Simon Chisholm, Investment Director at social impact investment company Resonance, explains why you don’t necessarily have to sacrifice return when investing for impact.
The institutional investor world is now increasingly focused on reducing risks from long term investment. Environmental, Social and Governance risks are being embedded into portfolio management strategies (the so called “ESG integration”). The rationale is simple, and particularly compelling in light of recent history – investments which take these factors into account are less likely to go wrong in the long term. And it is the asset owners themselves who are rightly pushing for this move away from short term maximization of absolute return, to strategies which look at returns on a long term risk-adjusted basis, taking into account these factors. Their liabilities are long term and, interestingly, often also correlated with environmental and social outcomes.
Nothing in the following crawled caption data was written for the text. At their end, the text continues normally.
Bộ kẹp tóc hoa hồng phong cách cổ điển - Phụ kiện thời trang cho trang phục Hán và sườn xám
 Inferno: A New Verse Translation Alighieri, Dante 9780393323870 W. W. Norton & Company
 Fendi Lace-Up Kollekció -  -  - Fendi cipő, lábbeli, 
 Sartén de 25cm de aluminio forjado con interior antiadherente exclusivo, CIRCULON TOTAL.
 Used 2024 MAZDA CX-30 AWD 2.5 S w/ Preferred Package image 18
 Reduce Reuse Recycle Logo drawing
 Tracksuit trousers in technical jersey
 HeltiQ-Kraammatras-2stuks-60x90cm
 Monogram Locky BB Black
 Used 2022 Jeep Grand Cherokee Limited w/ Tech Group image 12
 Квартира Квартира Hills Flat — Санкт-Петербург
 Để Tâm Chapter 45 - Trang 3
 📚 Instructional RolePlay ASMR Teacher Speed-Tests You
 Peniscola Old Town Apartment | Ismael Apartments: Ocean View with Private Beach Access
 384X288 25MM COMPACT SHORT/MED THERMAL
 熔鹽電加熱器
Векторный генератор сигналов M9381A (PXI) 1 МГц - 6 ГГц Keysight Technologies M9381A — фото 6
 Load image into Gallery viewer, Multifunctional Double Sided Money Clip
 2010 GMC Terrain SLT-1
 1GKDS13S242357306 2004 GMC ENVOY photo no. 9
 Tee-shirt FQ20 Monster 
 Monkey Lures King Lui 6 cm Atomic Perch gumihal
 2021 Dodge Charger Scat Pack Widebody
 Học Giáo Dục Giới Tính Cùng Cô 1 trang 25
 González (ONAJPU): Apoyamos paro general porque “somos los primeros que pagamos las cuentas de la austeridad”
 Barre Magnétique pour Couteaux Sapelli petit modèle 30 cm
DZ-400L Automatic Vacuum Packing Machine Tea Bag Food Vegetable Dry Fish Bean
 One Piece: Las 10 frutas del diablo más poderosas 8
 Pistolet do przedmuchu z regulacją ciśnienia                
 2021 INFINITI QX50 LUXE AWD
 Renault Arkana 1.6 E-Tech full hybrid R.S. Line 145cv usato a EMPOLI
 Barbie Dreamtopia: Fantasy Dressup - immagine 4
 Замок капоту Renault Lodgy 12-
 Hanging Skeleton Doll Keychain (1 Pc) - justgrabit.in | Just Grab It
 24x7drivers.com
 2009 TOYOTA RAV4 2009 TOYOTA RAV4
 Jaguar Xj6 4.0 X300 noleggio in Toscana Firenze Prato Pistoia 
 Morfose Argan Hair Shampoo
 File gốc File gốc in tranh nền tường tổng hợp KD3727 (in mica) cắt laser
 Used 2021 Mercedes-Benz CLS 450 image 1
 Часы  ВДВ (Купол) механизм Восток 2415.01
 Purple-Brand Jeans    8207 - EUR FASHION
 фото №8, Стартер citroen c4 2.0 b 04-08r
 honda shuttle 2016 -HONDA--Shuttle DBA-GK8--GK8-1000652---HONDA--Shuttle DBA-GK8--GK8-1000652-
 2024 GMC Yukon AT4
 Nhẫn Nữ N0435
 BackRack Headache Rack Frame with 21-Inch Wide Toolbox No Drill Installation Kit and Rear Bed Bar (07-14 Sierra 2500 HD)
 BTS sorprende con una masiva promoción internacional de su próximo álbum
At Resonance, we build and manage impact investment funds which seek to focus investment capital even more strongly on investments which have a defined and intentional positive impact on specific social issues – from financing the assets local communities need to remain resilient, to building the property portfolios which social sector organizations need to deliver their impact, to direct lending to growing businesses which are using a “social enterprise” approach to deliver both robust profits and intentional solutions to social issues.
You could see this as a strong form of the “S” in ESG. And it is showing a number of benefits to institutional investors – some of which are interestingly counter-intuitive. Firstly, we find that the scale of need in some of the investment areas outlined above, particularly for community assets and property, opens up investment opportunities at institutional scale. Secondly, in many areas, the impact focus is actually opening up new markets and reducing risks to investors. At root, this is about socially focused enterprises having something of value – better information, unique experience and skills, stronger employee, customer and supplier relationships, access to new markets. If so, the capital which backs this approach can benefit from good risk-adjusted returns, whilst seeing measurable impact from its investment.
Just one example of this is our Real Lettings Property Fund which is achieving this in practice – good risk-adjusted returns on a diversified residential property portfolio; leases which insulate investors from the risks they cannot manage, and a measurable impact on one of the key issues in homelessness.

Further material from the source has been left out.